When Rani Rampal and her team take the field on Wednesday for the Olympics women’s hockey semifinal against Argentina, they will have a lot of people working to make things possible for them — something that was not the case when Eliza Nelson, Selma D’Silva and their teammates narrowly missed a bronze medal at the 1980 Moscow Olympics.
Rani’s India reached the semifinals by beating Australia 1-0 on Monday, while Eliza and Selma’s team missed a bronze medal after losing 1-3 to hosts Soviet Union in their last league match and ended fourth in the pool.
While the current Indian team has chief coach Sjoerd Marijne, analytical coach Janneke Schopman, coach BS Ankitha, scientific advisor Patrick Lombard, physiotherapist Nivedita Chopra, video analyst Amuthaprakash and masseuse Radhika Bhikan Chaudhari taking care of them at the Olympics and during the buildup for the Games, the 1980 team only had a coach and manager travelling with them.
And even they had to think twice before taking a major step — like when they could not lodge a protest against a mistake by the umpire because they didn’t have $300 to pay the protest fee.
“In the bronze-medal match against the Soviet Union, a ball had gone out, stuck the sideboard of the goal and came into play and the umpire did not see it. Play continued even as we sought a restart and they went on to score a goal. We could not protest as we did not have $300 to lodge a protest. It was a big amount at that time,” Eliza told IANS on Monday.
“We didn’t have video referrals; otherwise we would have got the decision in our favour. That would have helped up come back in the match,” she said. “A lot of things have changed since we won gold in the 1982 Asian Games. We did not go to play abroad for years — we had a tour in 1976 and then the 1978 World Cup. At least they (current team) get to tour and play so many matches,” she said.
Selma said hockey has changed a lot since their time and now the players have a lot of facilities. “They have the infrastructure, money; they get to tour foreign countries to play matches. They have coaches, assistant coaches, psychologists, strength training experts; we didn’t have any of these. Also, hockey has changed a lot since then. You have so many rule changes that have made the sport free-flowing,” said Selma.
Both the stalwarts congratulated the Indian team for its brilliant performance.

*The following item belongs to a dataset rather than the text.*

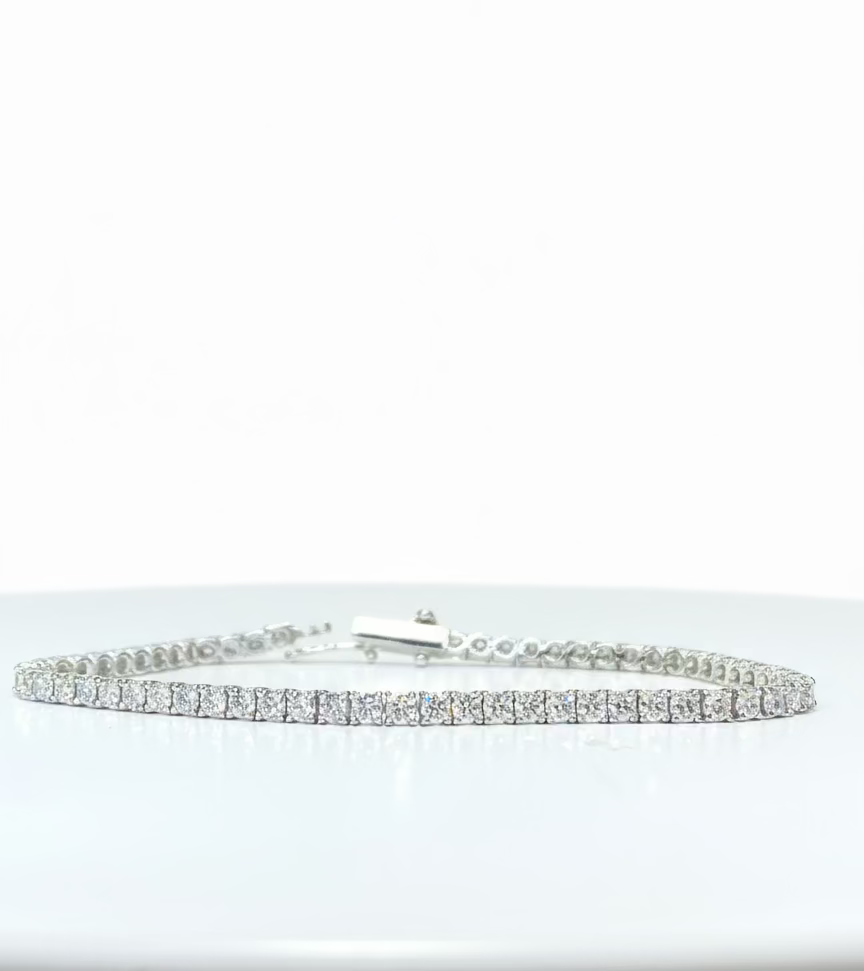 
                    Diamond Tennis Bracelet 4.50ct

In fact, Selma had told IANS on Sunday that India has 50 per cent chance against Australia. She had also singled out Gurjit Kaur to score a goal and said the drag-flicker is a big-match player and would make amends in the quarterfinals.
“Didn’t I say that Gurjit will score,” she said. “She did well for herself, she has not been scoring all these days but she performed on the day when it was most needed. They earned one penalty corner and she converted and that changed the whole scenario,” said Selma.
“This team has been clicking well. They have been doing well together. And after they won the last two matches in the Pool, they gained in confidence and today they could play freely because the pressure was on Australia. They played very well; they were fearless and defended superbly. They did not allow Australia to dictate the pace and dominate. I believe this team can go on and win the gold medal.”
“They have to play like the way they played today, be aggressive, defend well and not allow the opponents any chances. They have nothing to lose and should not take undue pressure,” said Selma.